Vale a pena questionarmos porque é que no espaço de duas gerações o futebol assumiu a importância que tem hoje, sendo difundido primeiro de Inglaterra para a Europa e depois para todo o mundo. Há boas e más razões. As boas são as que são explicadas nas obras de Johan Huizinga (Homo Ludens) e de Norbert Elias e Eric Dunning (The quest for Excitment). O primeiro explicou a necessidade do jogo e da competição não apenas em diversas sociedades, mas em diferentes domínios da vida social. Os segundos explicaram como é que num processo civilizacional, em que os Estados passaram a assumir o monopólio do uso da força, se instauraram regimes parlamentares, e a competição entre Estados deixou de ser pelo uso militar da força, o futebol canalizou essas pulsões e essa necessidade de competição.
As más razões, é a forma como este alargamento do futebol esteve associado ao crescimento no negócio e da corrupção. O documentário da Netflix sobre a FIFA, mostra bem como se fez esta transição de uma organização respeitável e com poucos recursos para uma organização milionária, em que quem tem os direitos comerciais da transmissão das provas passou, com a difusão em massa da televisão, a ter lucros fabulosos e a poder corromper quem tem o poder na organização. As coisas começam sobretudo com João Havelange, no cargo 24 anos, e continuaram no seu sucessor Joseph Blatter que esteve 17 anos à frente da organização, resistiu à investigação do FBI, mas acabou sendo suspenso na sequência do escândalo de corrupção revelado em 2015 que levou à prisão muitos dirigentes da FIFA. Subornos, compra de votos para eleições internas da FIFA (quando Blatter vence o respeitado sueco Lennart Johansson) ou para a atribuição da localização do mundial a certos países (como foi presumivelmente quer o caso da Rússia e em 2018 quer agora do Catar em 2022), e esquemas com atribuição de bilhetes fizeram parte de grande parte da história da FIFA. O Catar é o que já sabemos em termos de direitos humanos…
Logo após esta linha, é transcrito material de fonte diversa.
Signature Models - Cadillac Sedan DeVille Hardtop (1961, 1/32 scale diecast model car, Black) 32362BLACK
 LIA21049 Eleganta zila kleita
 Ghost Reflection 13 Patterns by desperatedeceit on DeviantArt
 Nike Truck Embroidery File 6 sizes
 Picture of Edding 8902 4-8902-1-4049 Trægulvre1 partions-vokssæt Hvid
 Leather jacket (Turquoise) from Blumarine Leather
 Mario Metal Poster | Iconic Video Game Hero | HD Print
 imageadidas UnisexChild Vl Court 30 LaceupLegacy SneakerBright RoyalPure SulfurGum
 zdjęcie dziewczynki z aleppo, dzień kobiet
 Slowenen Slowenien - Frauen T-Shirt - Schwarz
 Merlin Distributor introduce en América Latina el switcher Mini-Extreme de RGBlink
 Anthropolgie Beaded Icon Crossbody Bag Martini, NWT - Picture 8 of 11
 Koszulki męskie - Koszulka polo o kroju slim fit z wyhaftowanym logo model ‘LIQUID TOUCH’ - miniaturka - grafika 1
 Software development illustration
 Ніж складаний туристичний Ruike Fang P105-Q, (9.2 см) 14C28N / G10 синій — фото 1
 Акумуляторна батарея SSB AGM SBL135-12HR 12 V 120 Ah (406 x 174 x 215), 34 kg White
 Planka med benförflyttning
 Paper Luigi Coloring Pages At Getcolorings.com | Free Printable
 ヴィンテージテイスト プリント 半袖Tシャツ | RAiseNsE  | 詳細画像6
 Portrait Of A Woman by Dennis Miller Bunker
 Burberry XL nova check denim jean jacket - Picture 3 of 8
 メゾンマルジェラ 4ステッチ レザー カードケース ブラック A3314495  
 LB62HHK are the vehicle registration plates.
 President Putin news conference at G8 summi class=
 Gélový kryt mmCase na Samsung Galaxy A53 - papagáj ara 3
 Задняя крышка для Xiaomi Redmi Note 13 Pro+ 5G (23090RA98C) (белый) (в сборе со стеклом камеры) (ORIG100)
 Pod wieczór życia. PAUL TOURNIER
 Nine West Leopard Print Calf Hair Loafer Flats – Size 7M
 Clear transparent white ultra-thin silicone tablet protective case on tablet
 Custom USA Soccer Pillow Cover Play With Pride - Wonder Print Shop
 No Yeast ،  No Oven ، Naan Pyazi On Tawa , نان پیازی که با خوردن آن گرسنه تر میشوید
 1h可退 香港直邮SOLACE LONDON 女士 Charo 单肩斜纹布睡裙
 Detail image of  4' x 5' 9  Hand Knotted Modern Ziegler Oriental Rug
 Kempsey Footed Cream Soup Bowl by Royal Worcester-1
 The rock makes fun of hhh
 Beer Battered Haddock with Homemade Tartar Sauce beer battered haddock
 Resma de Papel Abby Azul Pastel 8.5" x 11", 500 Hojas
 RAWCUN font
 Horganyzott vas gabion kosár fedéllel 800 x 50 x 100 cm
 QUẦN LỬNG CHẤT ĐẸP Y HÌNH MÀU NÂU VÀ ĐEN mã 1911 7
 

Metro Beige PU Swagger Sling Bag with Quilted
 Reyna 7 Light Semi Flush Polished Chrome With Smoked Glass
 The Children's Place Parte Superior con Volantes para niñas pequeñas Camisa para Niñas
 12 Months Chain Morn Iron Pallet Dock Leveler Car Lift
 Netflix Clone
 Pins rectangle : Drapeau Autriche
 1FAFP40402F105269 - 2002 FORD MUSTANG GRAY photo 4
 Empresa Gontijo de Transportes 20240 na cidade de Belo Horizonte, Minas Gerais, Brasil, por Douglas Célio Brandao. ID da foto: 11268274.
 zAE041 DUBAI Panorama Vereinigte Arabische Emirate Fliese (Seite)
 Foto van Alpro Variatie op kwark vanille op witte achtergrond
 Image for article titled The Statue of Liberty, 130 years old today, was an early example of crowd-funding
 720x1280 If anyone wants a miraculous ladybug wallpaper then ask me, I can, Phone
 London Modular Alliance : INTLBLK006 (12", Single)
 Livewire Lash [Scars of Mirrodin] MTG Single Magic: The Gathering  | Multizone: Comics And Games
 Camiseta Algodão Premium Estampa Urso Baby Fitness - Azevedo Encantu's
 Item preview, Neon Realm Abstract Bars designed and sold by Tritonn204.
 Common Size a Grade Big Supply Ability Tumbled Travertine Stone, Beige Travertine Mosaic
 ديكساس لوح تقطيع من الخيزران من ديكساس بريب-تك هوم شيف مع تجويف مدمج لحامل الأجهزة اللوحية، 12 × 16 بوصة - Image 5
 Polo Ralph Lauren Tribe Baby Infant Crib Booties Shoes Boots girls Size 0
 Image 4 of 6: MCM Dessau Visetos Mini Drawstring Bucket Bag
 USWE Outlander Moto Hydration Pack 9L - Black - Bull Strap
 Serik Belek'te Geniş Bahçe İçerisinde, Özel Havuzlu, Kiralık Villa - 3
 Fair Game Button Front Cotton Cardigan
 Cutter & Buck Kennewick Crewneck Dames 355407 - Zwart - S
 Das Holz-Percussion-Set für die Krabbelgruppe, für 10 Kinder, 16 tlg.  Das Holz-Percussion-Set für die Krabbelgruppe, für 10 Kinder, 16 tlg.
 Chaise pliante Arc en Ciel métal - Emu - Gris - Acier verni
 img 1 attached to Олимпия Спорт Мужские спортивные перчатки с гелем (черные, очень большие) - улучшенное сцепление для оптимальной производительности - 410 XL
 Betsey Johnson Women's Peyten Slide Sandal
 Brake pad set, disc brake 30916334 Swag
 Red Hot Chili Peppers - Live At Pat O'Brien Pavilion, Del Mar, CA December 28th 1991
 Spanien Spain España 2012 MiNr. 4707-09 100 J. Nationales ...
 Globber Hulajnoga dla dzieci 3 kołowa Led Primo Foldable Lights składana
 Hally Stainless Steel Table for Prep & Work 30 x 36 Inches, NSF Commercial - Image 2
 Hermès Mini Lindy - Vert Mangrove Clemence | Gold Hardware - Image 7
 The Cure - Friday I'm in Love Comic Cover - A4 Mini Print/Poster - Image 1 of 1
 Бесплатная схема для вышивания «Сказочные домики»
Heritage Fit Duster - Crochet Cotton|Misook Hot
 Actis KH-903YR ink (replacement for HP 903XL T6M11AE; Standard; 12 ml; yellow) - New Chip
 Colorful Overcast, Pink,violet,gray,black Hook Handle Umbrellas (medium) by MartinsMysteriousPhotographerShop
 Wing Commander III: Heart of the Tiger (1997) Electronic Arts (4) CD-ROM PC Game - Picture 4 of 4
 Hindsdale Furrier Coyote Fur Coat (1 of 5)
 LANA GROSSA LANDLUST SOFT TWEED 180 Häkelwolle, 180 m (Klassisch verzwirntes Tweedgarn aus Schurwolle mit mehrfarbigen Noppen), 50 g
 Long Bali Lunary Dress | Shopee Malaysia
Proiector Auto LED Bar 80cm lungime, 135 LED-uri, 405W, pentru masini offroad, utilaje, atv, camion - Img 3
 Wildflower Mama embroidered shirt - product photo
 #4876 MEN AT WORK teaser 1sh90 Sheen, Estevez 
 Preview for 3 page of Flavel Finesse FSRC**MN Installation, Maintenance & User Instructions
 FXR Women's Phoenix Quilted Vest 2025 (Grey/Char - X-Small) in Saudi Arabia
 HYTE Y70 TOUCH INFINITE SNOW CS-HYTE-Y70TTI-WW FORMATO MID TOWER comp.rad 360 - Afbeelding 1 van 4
A relação institucional que as três mais altas figuras do Estado português estabelecem com este mundial, ou seja, com a FIFA e o Catar, é claramente excessiva. Uma coisa seria a presença numa meia-final, ou final, onde certamente seria justificado a presença do Presidente da República, reforçando simbolicamente o apoio do povo português à seleção. Mas no jogo inaugural? Nada o justifica nem mesmo o desejo da federação portuguesa de futebol (e do poder político por arrasto) de co-organizar o mundial em parceria com a Espanha e a Ucrânia em 2030. Marcelo, salvou um pouco a face falando nos direitos humanos, mas a sua audiência deve ter sido bem diminuta.
A deslocação do Presidente da República, em particular, suscitou uma votação parlamentar, constitucionalmente exigida, sobre a viagem ao Catar e também sobre a razoabilidade e interpretação da norma constitucional que o exige. Vivemos num regime parlamentar, apesar do seu carácter semi-presidencial. Faz todo o sentido essa votação pois uma visita de um Presidente é sempre um ato político da maior relevância e, por isso, não deve ter a oposição dos representantes dos portugueses.
A estratégia de globalização mundial do futebol, promovida por Havelange e Blatter, está agora a ser continuada, com os países árabes (Catar), depois com o mundial de 2026 em nada mais do que três grandes países (EUA, Canadá, e México). É verdade que a COP27 já terminou, mas será que alguém ainda se lembra que há uma muito elevada pegada carbónica associada a estes eventos mundiais? Mais tarde ou mais cedo este modelo de mundiais terá de ser alterado e os europeus deveriam ser pioneiros nesta mudança. Duas coisas parecem certas: quanto mais o negócio do futebol se alargar à escala mundial maiores os riscos de corrupção e não será o futebol o motor do desenvolvimento em Portugal.